The records
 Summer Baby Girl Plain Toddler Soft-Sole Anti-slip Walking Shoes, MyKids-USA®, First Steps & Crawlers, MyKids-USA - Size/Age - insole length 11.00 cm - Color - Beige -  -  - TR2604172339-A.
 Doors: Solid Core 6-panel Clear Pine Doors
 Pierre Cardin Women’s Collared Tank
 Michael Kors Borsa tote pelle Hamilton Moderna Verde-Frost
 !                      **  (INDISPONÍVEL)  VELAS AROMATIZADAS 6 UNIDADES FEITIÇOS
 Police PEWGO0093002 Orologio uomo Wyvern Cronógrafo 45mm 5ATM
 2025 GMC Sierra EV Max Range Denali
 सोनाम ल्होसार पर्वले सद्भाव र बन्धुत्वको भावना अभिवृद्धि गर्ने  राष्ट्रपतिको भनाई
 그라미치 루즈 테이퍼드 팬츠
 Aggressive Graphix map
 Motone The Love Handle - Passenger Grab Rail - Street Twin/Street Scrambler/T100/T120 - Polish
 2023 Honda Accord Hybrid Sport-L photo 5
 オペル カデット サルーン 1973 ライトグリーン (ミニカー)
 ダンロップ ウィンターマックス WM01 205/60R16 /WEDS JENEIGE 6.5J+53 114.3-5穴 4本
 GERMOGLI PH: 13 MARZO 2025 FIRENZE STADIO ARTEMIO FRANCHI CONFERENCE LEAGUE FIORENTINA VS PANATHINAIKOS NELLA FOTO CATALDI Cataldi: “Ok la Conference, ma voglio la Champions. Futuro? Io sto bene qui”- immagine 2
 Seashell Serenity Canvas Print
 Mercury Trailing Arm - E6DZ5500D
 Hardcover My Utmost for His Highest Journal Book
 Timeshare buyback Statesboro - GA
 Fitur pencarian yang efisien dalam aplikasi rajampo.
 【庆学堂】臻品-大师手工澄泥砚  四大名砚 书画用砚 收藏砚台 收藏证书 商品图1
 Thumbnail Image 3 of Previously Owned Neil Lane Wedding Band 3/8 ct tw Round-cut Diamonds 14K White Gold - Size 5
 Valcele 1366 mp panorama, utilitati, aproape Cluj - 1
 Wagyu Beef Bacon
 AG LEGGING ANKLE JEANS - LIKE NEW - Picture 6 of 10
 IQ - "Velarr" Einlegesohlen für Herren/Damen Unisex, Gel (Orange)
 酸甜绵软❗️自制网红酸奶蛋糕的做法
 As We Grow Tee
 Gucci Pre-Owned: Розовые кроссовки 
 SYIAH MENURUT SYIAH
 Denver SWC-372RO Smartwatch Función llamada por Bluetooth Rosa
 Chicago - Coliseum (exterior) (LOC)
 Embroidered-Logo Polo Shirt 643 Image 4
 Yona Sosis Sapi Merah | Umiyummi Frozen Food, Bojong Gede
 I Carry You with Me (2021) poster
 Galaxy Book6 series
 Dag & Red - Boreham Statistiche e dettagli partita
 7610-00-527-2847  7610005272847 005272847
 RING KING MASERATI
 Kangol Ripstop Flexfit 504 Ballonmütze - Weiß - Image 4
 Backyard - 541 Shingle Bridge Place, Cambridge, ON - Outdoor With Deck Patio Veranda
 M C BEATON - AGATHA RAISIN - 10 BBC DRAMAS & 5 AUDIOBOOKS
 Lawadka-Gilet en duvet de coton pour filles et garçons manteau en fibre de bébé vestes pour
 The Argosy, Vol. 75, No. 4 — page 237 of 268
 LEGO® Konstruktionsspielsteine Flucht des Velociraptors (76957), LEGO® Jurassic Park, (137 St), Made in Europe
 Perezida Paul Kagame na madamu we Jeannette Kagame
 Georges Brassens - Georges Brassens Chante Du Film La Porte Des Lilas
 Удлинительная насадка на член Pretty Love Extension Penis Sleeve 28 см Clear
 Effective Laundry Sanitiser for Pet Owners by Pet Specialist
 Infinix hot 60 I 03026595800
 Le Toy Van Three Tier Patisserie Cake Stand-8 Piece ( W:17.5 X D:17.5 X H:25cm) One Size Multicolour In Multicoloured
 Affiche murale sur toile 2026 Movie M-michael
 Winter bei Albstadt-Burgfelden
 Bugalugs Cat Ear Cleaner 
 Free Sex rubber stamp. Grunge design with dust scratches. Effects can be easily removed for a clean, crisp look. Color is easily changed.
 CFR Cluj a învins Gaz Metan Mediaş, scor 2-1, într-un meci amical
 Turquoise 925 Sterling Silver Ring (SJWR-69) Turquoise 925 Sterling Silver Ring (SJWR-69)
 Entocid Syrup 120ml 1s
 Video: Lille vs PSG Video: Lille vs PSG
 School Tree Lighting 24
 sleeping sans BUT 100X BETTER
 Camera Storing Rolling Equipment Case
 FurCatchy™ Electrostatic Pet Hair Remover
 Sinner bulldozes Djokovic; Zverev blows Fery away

Your instructions
Transcribe the records in full, keeping every character as it is.

Answer to the problem
 Summer Baby Girl Plain Toddler Soft-Sole Anti-slip Walking Shoes, MyKids-USA®, First Steps & Crawlers, MyKids-USA - Size/Age - insole length 11.00 cm - Color - Beige -  -  - TR2604172339-A.
 Doors: Solid Core 6-panel Clear Pine Doors
 Pierre Cardin Women’s Collared Tank
 Michael Kors Borsa tote pelle Hamilton Moderna Verde-Frost
 !                      **  (INDISPONÍVEL)  VELAS AROMATIZADAS 6 UNIDADES FEITIÇOS
 Police PEWGO0093002 Orologio uomo Wyvern Cronógrafo 45mm 5ATM
 2025 GMC Sierra EV Max Range Denali
 सोनाम ल्होसार पर्वले सद्भाव र बन्धुत्वको भावना अभिवृद्धि गर्ने  राष्ट्रपतिको भनाई
 그라미치 루즈 테이퍼드 팬츠
 Aggressive Graphix map
 Motone The Love Handle - Passenger Grab Rail - Street Twin/Street Scrambler/T100/T120 - Polish
 2023 Honda Accord Hybrid Sport-L photo 5
 オペル カデット サルーン 1973 ライトグリーン (ミニカー)
 ダンロップ ウィンターマックス WM01 205/60R16 /WEDS JENEIGE 6.5J+53 114.3-5穴 4本
 GERMOGLI PH: 13 MARZO 2025 FIRENZE STADIO ARTEMIO FRANCHI CONFERENCE LEAGUE FIORENTINA VS PANATHINAIKOS NELLA FOTO CATALDI Cataldi: “Ok la Conference, ma voglio la Champions. Futuro? Io sto bene qui”- immagine 2
 Seashell Serenity Canvas Print
 Mercury Trailing Arm - E6DZ5500D
 Hardcover My Utmost for His Highest Journal Book
 Timeshare buyback Statesboro - GA
 Fitur pencarian yang efisien dalam aplikasi rajampo.
 【庆学堂】臻品-大师手工澄泥砚  四大名砚 书画用砚 收藏砚台 收藏证书 商品图1
 Thumbnail Image 3 of Previously Owned Neil Lane Wedding Band 3/8 ct tw Round-cut Diamonds 14K White Gold - Size 5
 Valcele 1366 mp panorama, utilitati, aproape Cluj - 1
 Wagyu Beef Bacon
 AG LEGGING ANKLE JEANS - LIKE NEW - Picture 6 of 10
 IQ - "Velarr" Einlegesohlen für Herren/Damen Unisex, Gel (Orange)
 酸甜绵软❗️自制网红酸奶蛋糕的做法
 As We Grow Tee
 Gucci Pre-Owned: Розовые кроссовки 
 SYIAH MENURUT SYIAH
 Denver SWC-372RO Smartwatch Función llamada por Bluetooth Rosa
 Chicago - Coliseum (exterior) (LOC)
 Embroidered-Logo Polo Shirt 643 Image 4
 Yona Sosis Sapi Merah | Umiyummi Frozen Food, Bojong Gede
 I Carry You with Me (2021) poster
 Galaxy Book6 series
 Dag & Red - Boreham Statistiche e dettagli partita
 7610-00-527-2847  7610005272847 005272847
 RING KING MASERATI
 Kangol Ripstop Flexfit 504 Ballonmütze - Weiß - Image 4
 Backyard - 541 Shingle Bridge Place, Cambridge, ON - Outdoor With Deck Patio Veranda
 M C BEATON - AGATHA RAISIN - 10 BBC DRAMAS & 5 AUDIOBOOKS
 Lawadka-Gilet en duvet de coton pour filles et garçons manteau en fibre de bébé vestes pour
 The Argosy, Vol. 75, No. 4 — page 237 of 268
 LEGO® Konstruktionsspielsteine Flucht des Velociraptors (76957), LEGO® Jurassic Park, (137 St), Made in Europe
 Perezida Paul Kagame na madamu we Jeannette Kagame
 Georges Brassens - Georges Brassens Chante Du Film La Porte Des Lilas
 Удлинительная насадка на член Pretty Love Extension Penis Sleeve 28 см Clear
 Effective Laundry Sanitiser for Pet Owners by Pet Specialist
 Infinix hot 60 I 03026595800
 Le Toy Van Three Tier Patisserie Cake Stand-8 Piece ( W:17.5 X D:17.5 X H:25cm) One Size Multicolour In Multicoloured
 Affiche murale sur toile 2026 Movie M-michael
 Winter bei Albstadt-Burgfelden
 Bugalugs Cat Ear Cleaner 
 Free Sex rubber stamp. Grunge design with dust scratches. Effects can be easily removed for a clean, crisp look. Color is easily changed.
 CFR Cluj a învins Gaz Metan Mediaş, scor 2-1, într-un meci amical
 Turquoise 925 Sterling Silver Ring (SJWR-69) Turquoise 925 Sterling Silver Ring (SJWR-69)
 Entocid Syrup 120ml 1s
 Video: Lille vs PSG Video: Lille vs PSG
 School Tree Lighting 24
 sleeping sans BUT 100X BETTER
 Camera Storing Rolling Equipment Case
 FurCatchy™ Electrostatic Pet Hair Remover
 Sinner bulldozes Djokovic; Zverev blows Fery away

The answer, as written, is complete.